Q. I asked the Energy Saving Trust for a reputable installer of solar water heating panels. The nearest to our home is Solar Water Heating Ltd. The company said that we did not need planning permission, and in November 2006 we gave it the go-ahead, on the understanding that the panels would be installed before Christmas that year. We paid a deposit of £2,498.47: half the final price. We contacted the council to confirm that there was no need for planning permission, but were told that, as we lived in a housing association-run retirement complex, the association needed to give permission. It was only in May 2007 that the council confirmed that no planning permission was needed. In June, we established that the housing association would not give permission unless we paid nearly £900 to have our deeds altered. We then gave up and asked Solar Water Heating for our deposit back, but it said it had spent all but £300 of the deposit trying to get the housing association to give permission, claiming that we had instructed it to do this. We agree it probably spent £500, but we want the rest back. We have now moved and Solar Water Heating Ltd has offered to install the panels at our new home at no extra cost, but there is no space for them to be fitted. JP, London.
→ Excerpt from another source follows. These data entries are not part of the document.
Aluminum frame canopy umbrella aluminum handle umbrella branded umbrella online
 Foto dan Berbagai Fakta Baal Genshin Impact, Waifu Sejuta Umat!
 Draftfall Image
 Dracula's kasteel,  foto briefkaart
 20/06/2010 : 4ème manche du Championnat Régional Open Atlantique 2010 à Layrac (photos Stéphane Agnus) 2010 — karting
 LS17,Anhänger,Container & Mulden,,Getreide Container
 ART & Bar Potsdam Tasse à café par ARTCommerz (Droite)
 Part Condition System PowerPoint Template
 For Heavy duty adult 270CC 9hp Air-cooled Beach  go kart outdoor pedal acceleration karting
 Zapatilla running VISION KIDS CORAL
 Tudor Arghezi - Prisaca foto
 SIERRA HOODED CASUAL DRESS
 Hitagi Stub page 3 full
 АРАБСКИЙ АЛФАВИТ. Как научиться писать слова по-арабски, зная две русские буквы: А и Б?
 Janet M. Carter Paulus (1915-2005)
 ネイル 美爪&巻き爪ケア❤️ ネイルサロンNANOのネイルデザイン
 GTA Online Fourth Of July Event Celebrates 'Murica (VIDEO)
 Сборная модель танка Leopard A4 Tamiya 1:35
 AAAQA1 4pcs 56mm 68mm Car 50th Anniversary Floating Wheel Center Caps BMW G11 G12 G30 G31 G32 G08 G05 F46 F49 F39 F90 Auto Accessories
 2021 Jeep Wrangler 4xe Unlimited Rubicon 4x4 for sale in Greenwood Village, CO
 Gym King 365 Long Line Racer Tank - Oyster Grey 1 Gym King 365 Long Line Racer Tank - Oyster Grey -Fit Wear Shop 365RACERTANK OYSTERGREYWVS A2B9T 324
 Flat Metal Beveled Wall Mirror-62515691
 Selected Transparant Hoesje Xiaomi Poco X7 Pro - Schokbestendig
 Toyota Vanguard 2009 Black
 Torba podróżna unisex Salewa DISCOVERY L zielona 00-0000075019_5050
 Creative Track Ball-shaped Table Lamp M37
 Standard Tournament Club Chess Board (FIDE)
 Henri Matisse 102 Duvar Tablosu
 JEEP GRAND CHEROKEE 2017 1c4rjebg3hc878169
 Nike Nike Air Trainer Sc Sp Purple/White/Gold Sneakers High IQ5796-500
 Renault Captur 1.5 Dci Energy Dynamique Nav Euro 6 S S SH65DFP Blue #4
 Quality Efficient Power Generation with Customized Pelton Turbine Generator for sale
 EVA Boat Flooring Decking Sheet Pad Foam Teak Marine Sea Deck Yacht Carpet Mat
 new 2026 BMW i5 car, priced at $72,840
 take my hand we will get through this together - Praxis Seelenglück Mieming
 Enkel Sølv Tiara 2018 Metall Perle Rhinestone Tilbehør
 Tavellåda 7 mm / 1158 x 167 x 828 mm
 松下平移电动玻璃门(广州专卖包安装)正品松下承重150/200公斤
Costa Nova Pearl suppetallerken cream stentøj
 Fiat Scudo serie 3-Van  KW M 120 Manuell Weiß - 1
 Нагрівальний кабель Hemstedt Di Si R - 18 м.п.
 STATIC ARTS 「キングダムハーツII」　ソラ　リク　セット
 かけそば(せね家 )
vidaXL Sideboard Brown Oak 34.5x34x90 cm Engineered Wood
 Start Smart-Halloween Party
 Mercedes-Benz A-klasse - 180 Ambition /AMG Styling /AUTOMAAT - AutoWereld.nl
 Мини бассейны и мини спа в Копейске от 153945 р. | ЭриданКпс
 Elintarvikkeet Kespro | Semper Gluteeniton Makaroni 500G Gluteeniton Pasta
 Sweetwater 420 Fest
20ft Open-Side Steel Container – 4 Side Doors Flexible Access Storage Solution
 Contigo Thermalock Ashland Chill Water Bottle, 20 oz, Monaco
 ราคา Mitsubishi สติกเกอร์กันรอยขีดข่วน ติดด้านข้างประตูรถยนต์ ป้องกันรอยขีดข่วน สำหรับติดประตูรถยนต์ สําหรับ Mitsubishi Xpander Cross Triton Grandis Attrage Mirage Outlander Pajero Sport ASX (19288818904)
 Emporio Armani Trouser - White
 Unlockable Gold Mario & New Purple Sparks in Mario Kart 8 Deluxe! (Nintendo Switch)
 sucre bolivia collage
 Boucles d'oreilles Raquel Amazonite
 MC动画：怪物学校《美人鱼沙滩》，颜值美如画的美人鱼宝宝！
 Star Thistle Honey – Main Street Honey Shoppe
A. Malcolm Stanford of Solar Water Heating Ltd said initially that he had been waiting for you to contact him. He explained: "She [the reader] signed a contract with us that had a cancellation clause. We fought the housing association on her behalf. We took legal advice on her behalf." He says that he spent "hours" trying to sort this out, with help from "friends in the legal profession". When we contacted Mr Stanford again, asking if he had taken a decision on whether to repay some of the deposit, he said: "What I propose to do is my business and [the reader's] business and for you to learn about if there is a court case. If there isn't a court case, the reader will tell you what happens." He then claimed that he was unable to discuss the matter further because of the Data Protection Act. We put your case to Citizens' Advice, which said that the legal position is difficult to determine and would depend on precisely what instructions you gave Solar Water Heating Ltd and what agreement you reached, if any, about refunding the deposit upon contract cancellation. You tell us that you now intend to pursue the matter in the Small Claims Court.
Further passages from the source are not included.